* [WORK INSTRUCTION]: Reproduce the records below exactly as given.

* [LISTED RECORDS]:
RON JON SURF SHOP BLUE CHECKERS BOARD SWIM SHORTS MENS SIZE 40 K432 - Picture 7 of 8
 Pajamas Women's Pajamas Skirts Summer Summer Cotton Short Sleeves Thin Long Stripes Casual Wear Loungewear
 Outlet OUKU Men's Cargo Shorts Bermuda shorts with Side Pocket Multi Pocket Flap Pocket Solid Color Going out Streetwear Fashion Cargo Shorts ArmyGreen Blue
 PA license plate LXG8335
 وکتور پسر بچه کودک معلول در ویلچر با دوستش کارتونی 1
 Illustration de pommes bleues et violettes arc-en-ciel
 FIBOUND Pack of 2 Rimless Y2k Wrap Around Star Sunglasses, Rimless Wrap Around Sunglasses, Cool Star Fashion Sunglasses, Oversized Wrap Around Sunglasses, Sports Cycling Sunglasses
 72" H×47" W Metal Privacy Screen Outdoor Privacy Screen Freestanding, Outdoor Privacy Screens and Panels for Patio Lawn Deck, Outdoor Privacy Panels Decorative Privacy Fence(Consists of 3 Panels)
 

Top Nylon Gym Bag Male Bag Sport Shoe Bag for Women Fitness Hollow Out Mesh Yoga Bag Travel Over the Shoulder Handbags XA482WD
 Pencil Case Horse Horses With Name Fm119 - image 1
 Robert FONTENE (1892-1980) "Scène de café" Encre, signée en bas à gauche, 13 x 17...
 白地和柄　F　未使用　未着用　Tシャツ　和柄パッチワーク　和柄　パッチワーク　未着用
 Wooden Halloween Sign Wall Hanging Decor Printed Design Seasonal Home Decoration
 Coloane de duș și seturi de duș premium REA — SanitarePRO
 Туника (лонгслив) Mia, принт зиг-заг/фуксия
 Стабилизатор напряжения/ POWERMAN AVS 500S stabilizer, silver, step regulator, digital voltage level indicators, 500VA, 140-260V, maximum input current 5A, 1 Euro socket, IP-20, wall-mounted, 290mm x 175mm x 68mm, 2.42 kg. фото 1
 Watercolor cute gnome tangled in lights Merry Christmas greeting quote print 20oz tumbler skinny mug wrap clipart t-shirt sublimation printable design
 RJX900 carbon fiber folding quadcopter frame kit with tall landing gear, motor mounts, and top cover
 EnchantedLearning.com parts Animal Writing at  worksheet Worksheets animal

* [RESULT OF THE TASK]:
RON JON SURF SHOP BLUE CHECKERS BOARD SWIM SHORTS MENS SIZE 40 K432 - Picture 7 of 8
 Pajamas Women's Pajamas Skirts Summer Summer Cotton Short Sleeves Thin Long Stripes Casual Wear Loungewear
 Outlet OUKU Men's Cargo Shorts Bermuda shorts with Side Pocket Multi Pocket Flap Pocket Solid Color Going out Streetwear Fashion Cargo Shorts ArmyGreen Blue
 PA license plate LXG8335
 وکتور پسر بچه کودک معلول در ویلچر با دوستش کارتونی 1
 Illustration de pommes bleues et violettes arc-en-ciel
 FIBOUND Pack of 2 Rimless Y2k Wrap Around Star Sunglasses, Rimless Wrap Around Sunglasses, Cool Star Fashion Sunglasses, Oversized Wrap Around Sunglasses, Sports Cycling Sunglasses
 72" H×47" W Metal Privacy Screen Outdoor Privacy Screen Freestanding, Outdoor Privacy Screens and Panels for Patio Lawn Deck, Outdoor Privacy Panels Decorative Privacy Fence(Consists of 3 Panels)
 

Top Nylon Gym Bag Male Bag Sport Shoe Bag for Women Fitness Hollow Out Mesh Yoga Bag Travel Over the Shoulder Handbags XA482WD
 Pencil Case Horse Horses With Name Fm119 - image 1
 Robert FONTENE (1892-1980) "Scène de café" Encre, signée en bas à gauche, 13 x 17...
 白地和柄　F　未使用　未着用　Tシャツ　和柄パッチワーク　和柄　パッチワーク　未着用
 Wooden Halloween Sign Wall Hanging Decor Printed Design Seasonal Home Decoration
 Coloane de duș și seturi de duș premium REA — SanitarePRO
 Туника (лонгслив) Mia, принт зиг-заг/фуксия
 Стабилизатор напряжения/ POWERMAN AVS 500S stabilizer, silver, step regulator, digital voltage level indicators, 500VA, 140-260V, maximum input current 5A, 1 Euro socket, IP-20, wall-mounted, 290mm x 175mm x 68mm, 2.42 kg. фото 1
 Watercolor cute gnome tangled in lights Merry Christmas greeting quote print 20oz tumbler skinny mug wrap clipart t-shirt sublimation printable design
 RJX900 carbon fiber folding quadcopter frame kit with tall landing gear, motor mounts, and top cover
 EnchantedLearning.com parts Animal Writing at  worksheet Worksheets animal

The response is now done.